> [ASSIGNMENT] Transcribe all the entries word for word, omitting any pictures they contain.

====

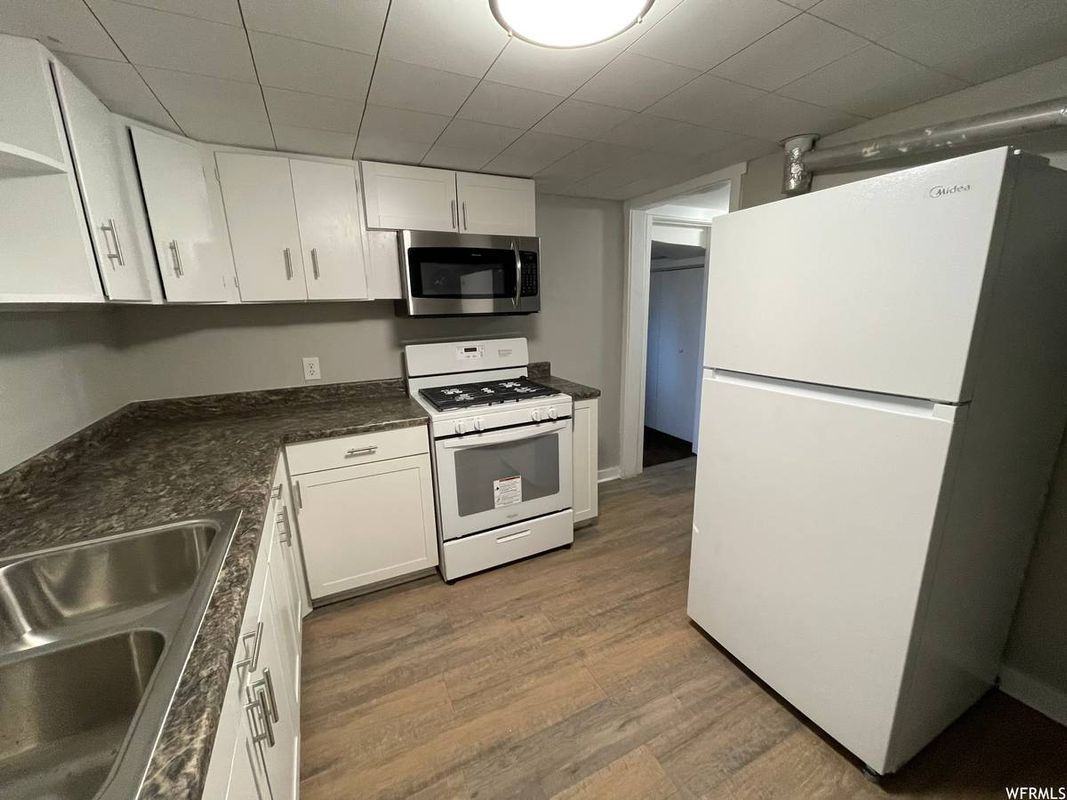 982 Gramercy Ave - Photo 7 of 12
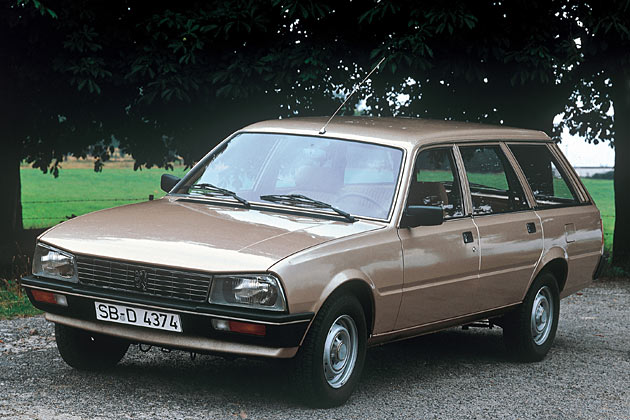 Dass Peugeot die 5 im Modellnamen nutzte, liegt lange zurck: Der 505 wurde von 1979 bis 1992 gebaut. Damals hie der Kombi noch Break statt SW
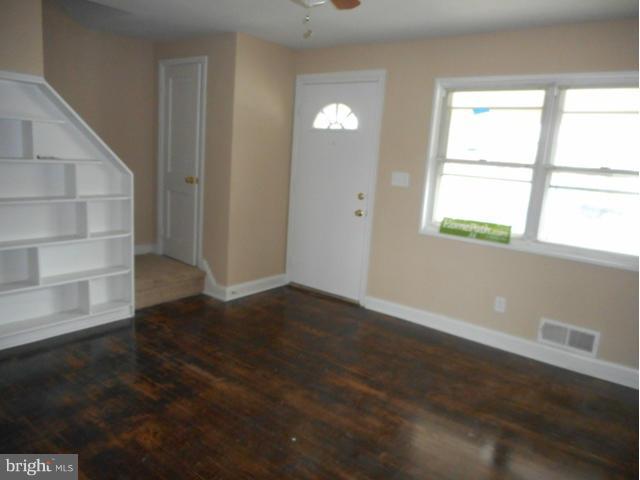 419 Scarsdale Road Baltimore, MD 21224 - Photo 3 of 23 Living Room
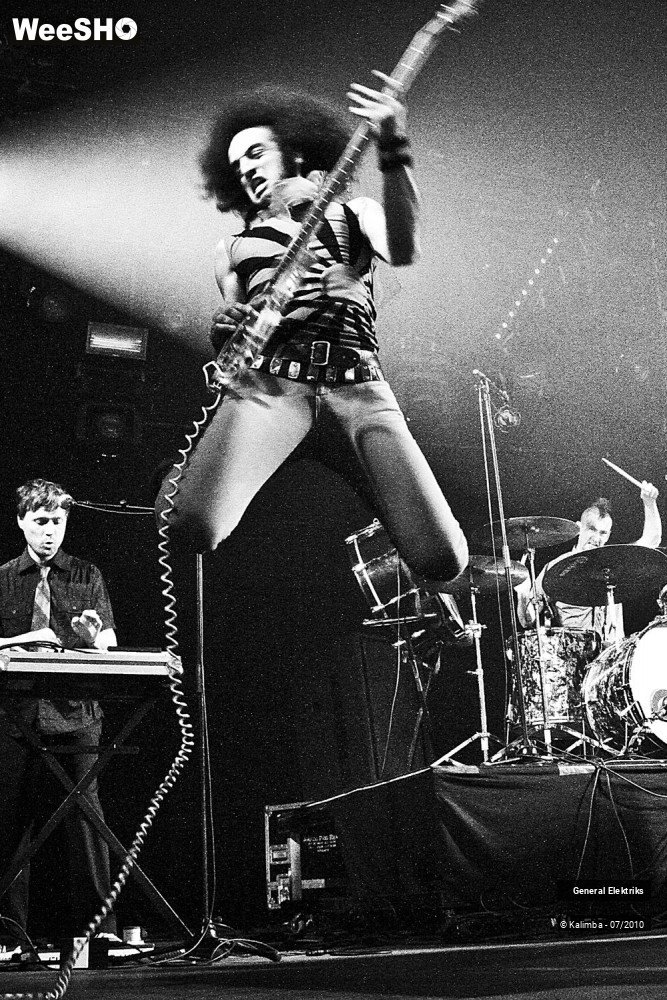 47/50 photos du spectacle General Elektriks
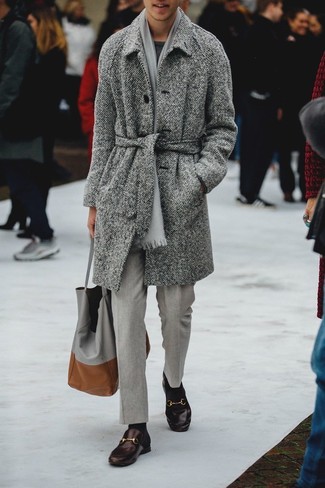 Какие лоферы носить с серым длинным пальто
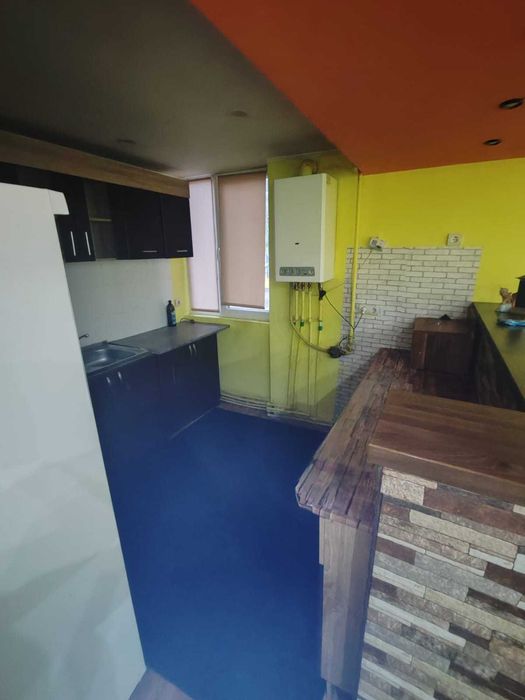 Inchiriez apartament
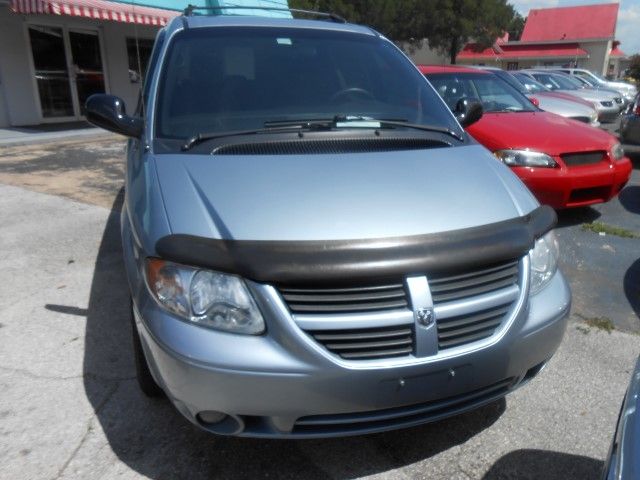 Dodge Grand Caravan 2005 photo 9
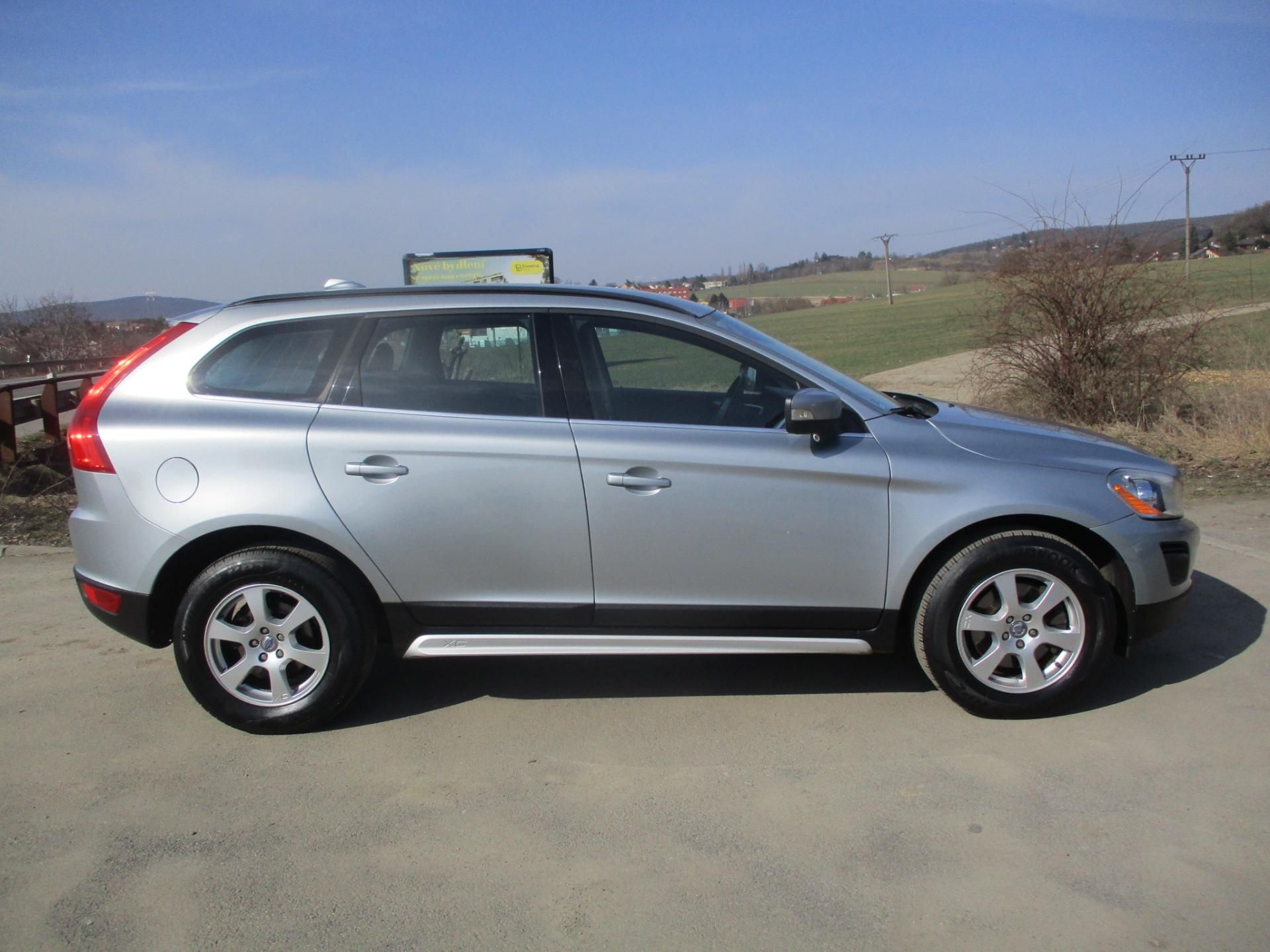 Volvo XC60, 2.4 D5*136kW*AWD*197TKM*6MAN.P - fotka 5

====

> [WORKED SOLUTION]
 982 Gramercy Ave - Photo 7 of 12
 Dass Peugeot die 5 im Modellnamen nutzte, liegt lange zurck: Der 505 wurde von 1979 bis 1992 gebaut. Damals hie der Kombi noch Break statt SW
 419 Scarsdale Road Baltimore, MD 21224 - Photo 3 of 23 Living Room
 47/50 photos du spectacle General Elektriks
 Какие лоферы носить с серым длинным пальто
 Inchiriez apartament
 Dodge Grand Caravan 2005 photo 9
 Volvo XC60, 2.4 D5*136kW*AWD*197TKM*6MAN.P - fotka 5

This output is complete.